Some are also saying that the Pakistan government has been getting billions of rupees every year from Gilgit-Baltistan, in lieu of General Sales Tax and taxes on the telecommunication companies, which are deducted in advance. The people are maintaining that without giving constitutional rights and status to the people, the government of Pakistan’s collection of taxes from the region is illegal.
Supporters of the taxation regime are using more utilitarian views; including the oft repeated argument that without generating own resources the GB government will always remain dependent on Islamabad, which has economic and political repercussions for the region.
It was expected that the people governed without taxation for decades would refuse to share their hard earned monies with a government which is highly unpopular, because of charges of corruption, nepotism, fiscal fraud and many other ills, real or perceived.
Many are also arguing that since the GB Council is not an elected body, it should not have the authority to make vital decisions related to the region’s future.

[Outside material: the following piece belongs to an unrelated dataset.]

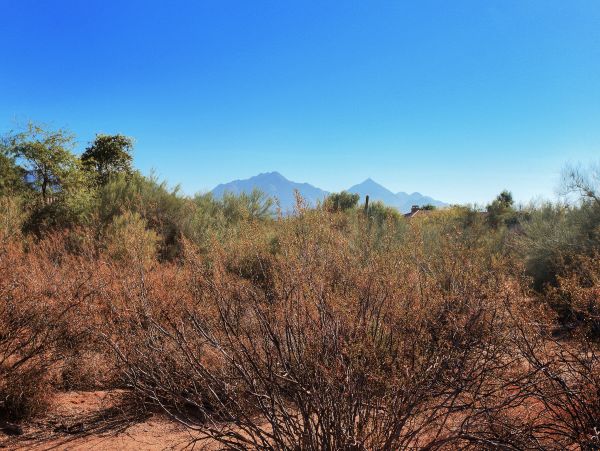 Scottsdale Home 1023548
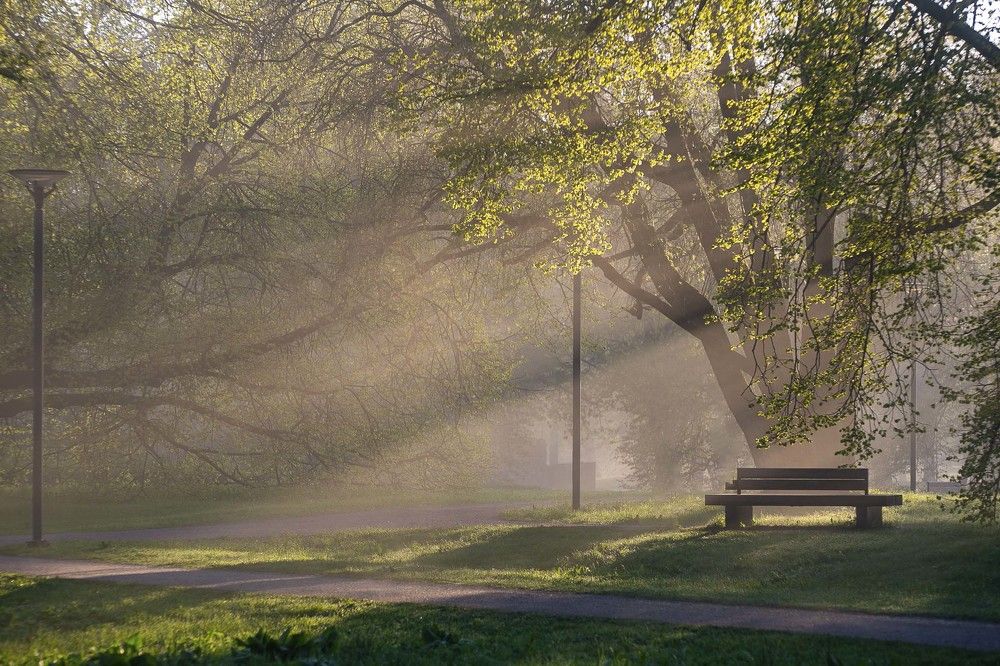 Photograph by Наталья Катюжанская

The proponents of this argument seem to be ignorant of the Empowerment Order, which has concentrated most of the vital powers and legislative sectors under the authority of GB Council.
It is this realization, at some levels, perhaps, that recently led to fissures and friction between GBLA members and some members of the GB Council, most of them being non-locals, headed by the country’s prime minister who is not directly answerable to people of Gilgit-Baltistan, having his electorate elsewhere. Similar is the case with Mian Manzoor Wattoo, the federal minister for Kashmir and Gilgit-Baltistan affairs, who has little or no personal political stakes in this region.
There are reports that Islamabad has been pressing GB to generate own resources, instead of asking for money, every now and then.
If nothing, this taxation episode has exposed the deeper fault-lines in the region’s governance mechanism. Whether the GB Council will be able to have its way, by imposing income tax, or the people’s reaction will force it to withdraw the decision, only time can tell. For the time being the political stakes are too high for any party to support the taxation bid openly.